# Multi-organ segmentation in abdominal CT
### **Authors**
Chen Shen1, Holger R. Roth2, Kazunari Misawa3, Kensaku Mori1
1. Nagoya University, Japan
2. NVIDIA Corporation, USA
3. Aichi Cancer Center, Japan
### **Tags**
Segmentation, Multi-organ, Abdominal
## **Model Description**
This model uses the DiNTS model architecture searched on [Medical Segmentation Decathlon](http://medicaldecathlon.com/) Pancreas [1] and re-trained for multi-organ segmentation from abdominal CT images [2,3].
## **Data**
This model was trained on an abdominal CT dataset in portal venous phase collected from Aichi Cancer Center in Japan. Since this is a private dataset, similar models can be trained using other public multi-organ datasets like [BTCV](https://www.synapse.org/#!Synapse:syn3193805/wiki/89480).
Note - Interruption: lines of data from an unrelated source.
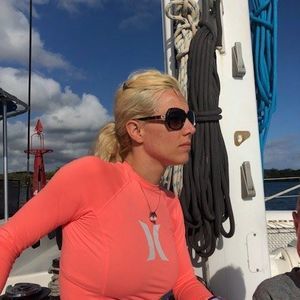 Meet your Posher, Caroline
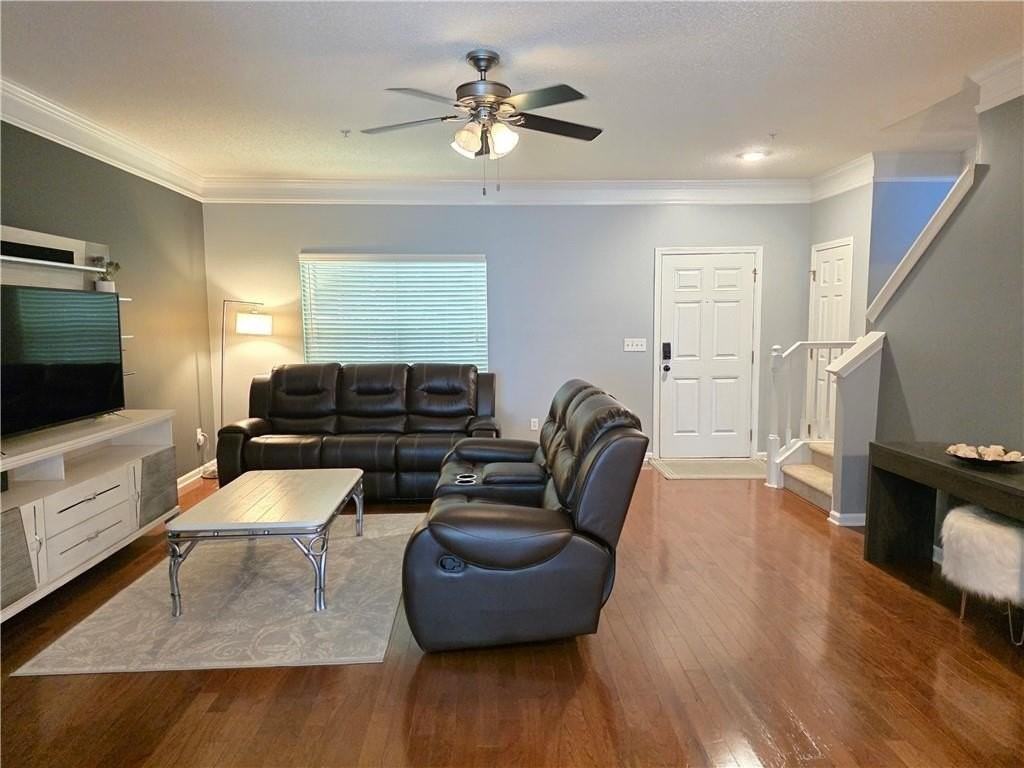 1208 Charleston Ct - Photo 3 of 22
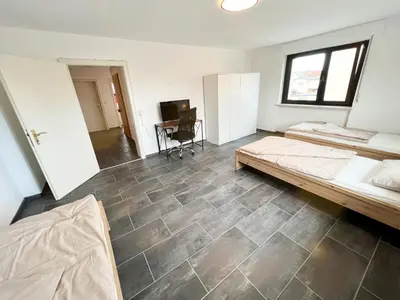 Ein Bett oder Betten in einem Zimmer der Unterkunft Großzügige OG Ferienwohnung in Linkenheim frieden apartments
For this bundle, we split the 420 cases into training, validation and testing with 300, 60 and 60 cases, respectively.
## **Output**
8 channels
- 0: Background
- 1: Artery
- 2: Portal vein
- 3: Liver
- 4: Spleen
- 5: Stomach
- 6: Gallbladder
- 7: Pancreas
Here is an example of output.
## **Scores**
This model achieves the following Dice score on the validation data (our own split from the whole dataset):
Mean Dice = 88.6%
## MONAI Bundle Commands
In addition to the Pythonic APIs, a few command line interfaces (CLI) are provided to interact with the bundle. The CLI supports flexible use cases, such as overriding configs at runtime and predefining arguments in a file.
For more details usage instructions, visit the [MONAI Bundle Configuration Page](https://docs.monai.io/en/latest/config_syntax.html).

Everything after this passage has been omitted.